**Your assignment**: Take nothing but the lines from the one with "Photo of property" through the one with "Property Photo: 402 8th St TN 38464" in the entries below, both ends kept, and return them exactly with pictures left out.

**** Data

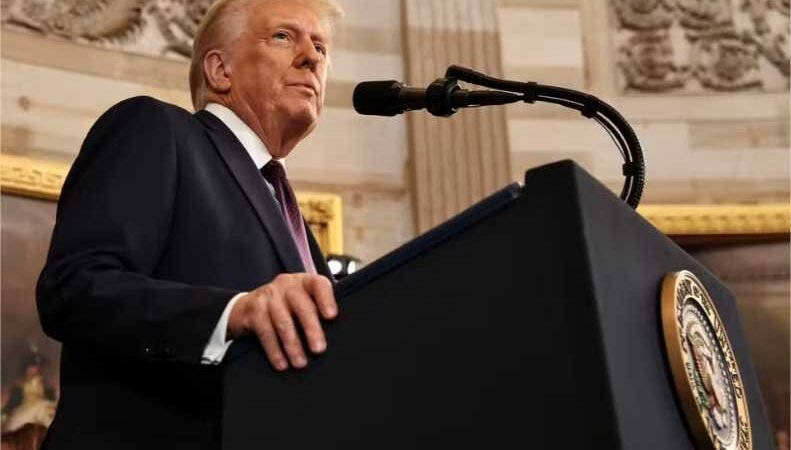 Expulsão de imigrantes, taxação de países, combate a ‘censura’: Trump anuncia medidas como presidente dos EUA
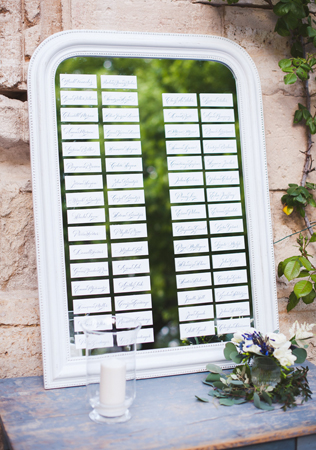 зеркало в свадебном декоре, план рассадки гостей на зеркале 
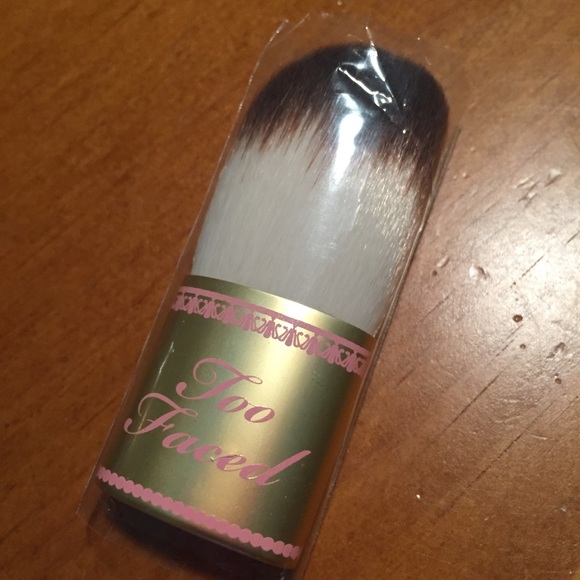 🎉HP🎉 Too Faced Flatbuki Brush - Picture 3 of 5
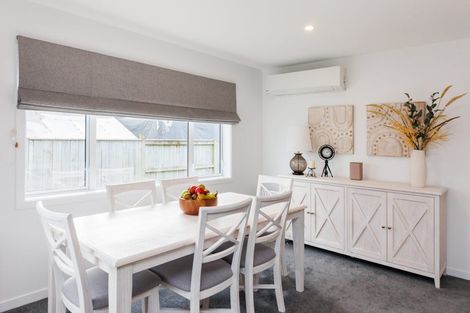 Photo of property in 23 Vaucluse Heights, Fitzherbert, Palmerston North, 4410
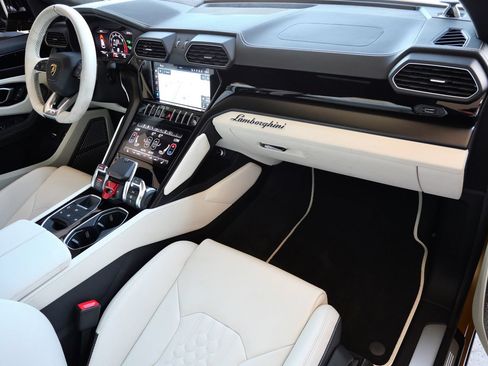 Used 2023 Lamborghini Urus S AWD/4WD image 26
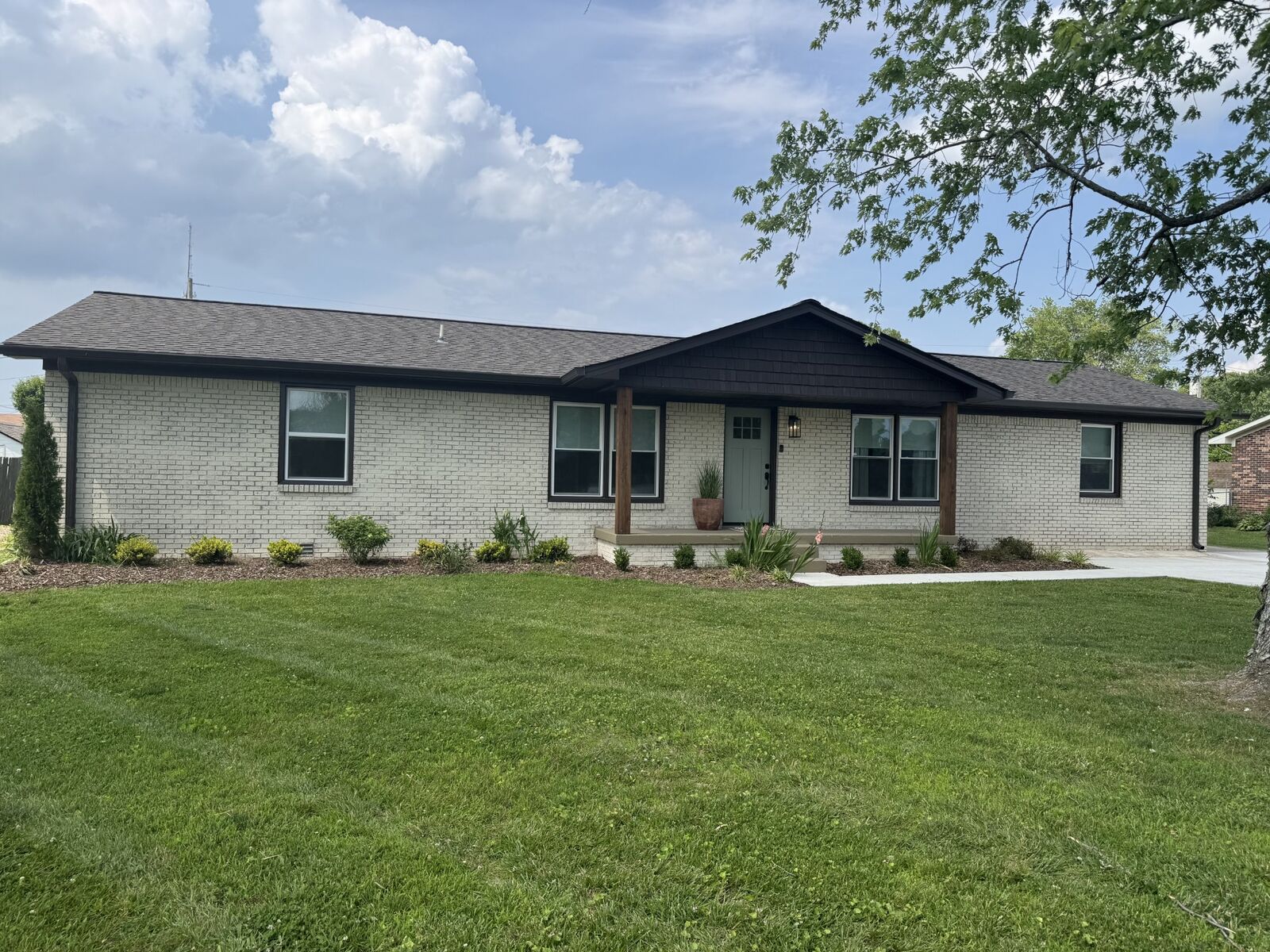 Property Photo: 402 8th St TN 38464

********
**** Data

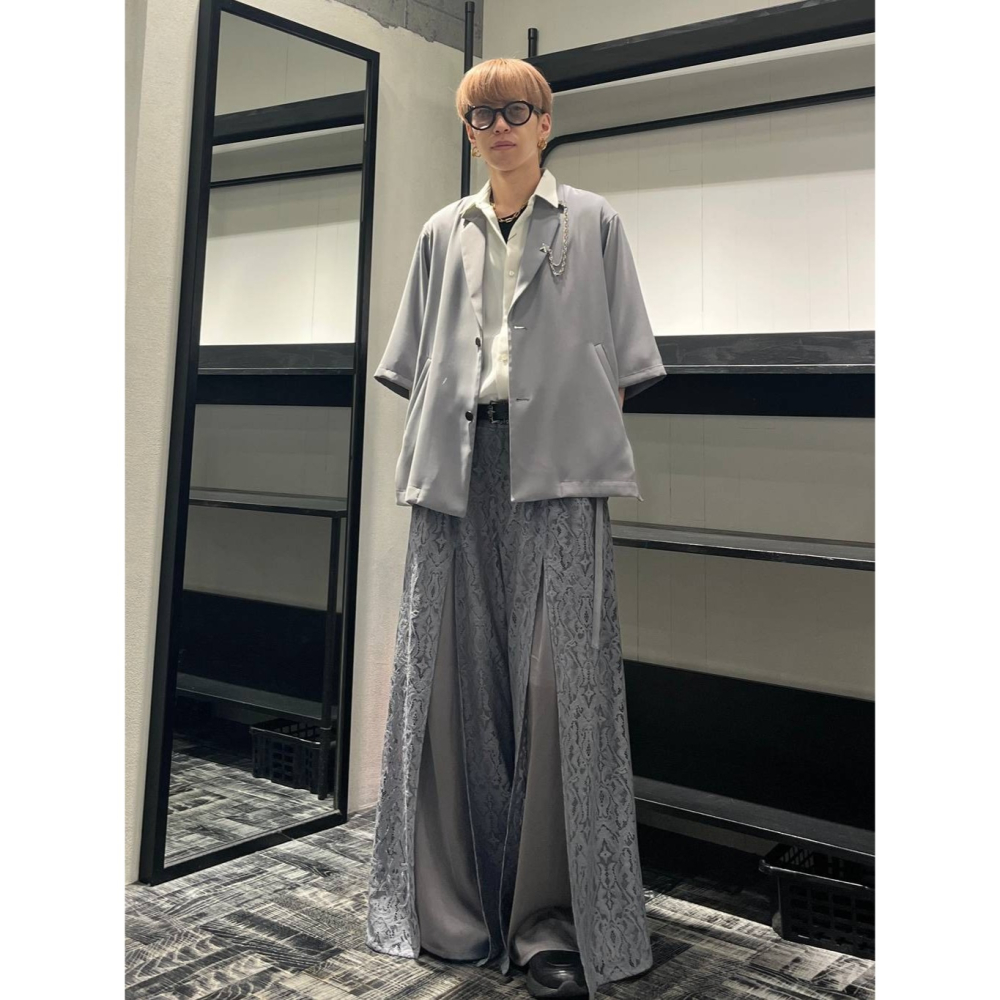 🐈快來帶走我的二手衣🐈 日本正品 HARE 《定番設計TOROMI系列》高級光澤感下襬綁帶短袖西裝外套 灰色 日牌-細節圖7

********

**Response for this exercise**:
 Photo of property in 23 Vaucluse Heights, Fitzherbert, Palmerston North, 4410
 Used 2023 Lamborghini Urus S AWD/4WD image 26
 Property Photo: 402 8th St TN 38464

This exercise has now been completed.